What Makes Impact Last: Cadasta at the Skoll World Forum

Apr 15 — 2026

By Cadasta Staff

This month, Skoll World Forum returns to Oxford at a time when the social impact sector is under real pressure to evolve.

Across the sector, long-standing assumptions about funding, scale, and sustainability are being tested. Aid is tightening, expectations for accountability are rising, and many of the systems meant to support impact are showing their limits.

Against this backdrop, Cadasta CEO Amy Coughenour Betancourt and Senior Director of Philanthropy and Strategic Partnerships Heidi Burgess will join global leaders in conversations about what comes next.
From Scaling Solutions to Strengthening Systems
There is a noticeable shift happening. Impact is no longer just about scaling solutions; it is about building the conditions that allow solutions to last.

This year’s Forum is centered on a set of hard, practical questions:

  • How should philanthropy adapt in a more uncertain environment?
  • What kinds of funding actually support long-term systems change?
  • How do we design technology that is accountable to the people it’s meant to serve?
  • What does leadership look like when the ground is constantly shifting?

These aren’t theoretical questions; they are actively reshaping how organizations operate, collaborate, and fund their work. They are also the same questions Cadasta is working to answer in practice.

For more than a decade, Cadasta has focused on strengthening land and resource rights through community-led data, tools that connect with government systems, and platforms designed for long-term use. The goal isn’t to just produce data; it is to make sure that data holds value over time and can actually be used to inform decisions.

Cadasta at Skoll

At this year’s forum, Cadasta’s CEO Amy, will speak at a Sidebar session titled Tech for Good: From Hype to Real Impact on April 23.

The conversation comes at a critical moment, as AI and emerging technologies accelerate, but often without sufficient attention to what makes them work in practice.

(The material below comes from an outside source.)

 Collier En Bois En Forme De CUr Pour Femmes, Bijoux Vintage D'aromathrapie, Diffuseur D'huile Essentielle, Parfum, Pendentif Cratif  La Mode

Cadasta’s perspective is grounded in implementation. Technology alone does not create impact. Impact depends on reliable data, interoperable platforms, and the local capacity to use and sustain it.

In her remarks, Amy will draw on Cadasta’s experience working with partners across more than 50 countries to highlight what’s often missing from “tech for good” conversations, including the importance of community-controlled data, the need for infrastructure that connects to formal government systems, and the long-term investment required to ensure tools remain useful beyond a single project cycle. Together, these elements build a foundation that allows technology to deliver real, lasting outcomes.

Doing the Internal Work that Matters

Over the past year, Cadasta has also taken a closer look at its own role. Through an eight-week process using the Fundable & Findable framework developed by Kevin L. Brown, we worked to clarify how we show up in a changing funding landscape. 

This process was more than just a messaging exercise. It was about getting sharper on where we add value and making sure that’s clear to the people who need to understand it. Why Fund Cadasta? 

Kevin L. Brown will also be participating in this year’s Forum, contributing to conversations on what it takes for organizations to be both fundable and findable in a rapidly shifting ecosystem. 

Cadasta’s work sits squarely in that space, bridging community-led data, technical infrastructure, and institutional systems to support long-term impact. 

Join the Conversation

The Forum is open globally through virtual access, with livestreams running April 21-24, 2026. 

We encourage our partners and community to engage, particularly in sessions focused on funding, infrastructure, and systems change. 

The takeaway from this moment is clear: the organizations that endure will not be the ones with the best ideas; they will be the ones building systems that make those ideas possible and sustainable.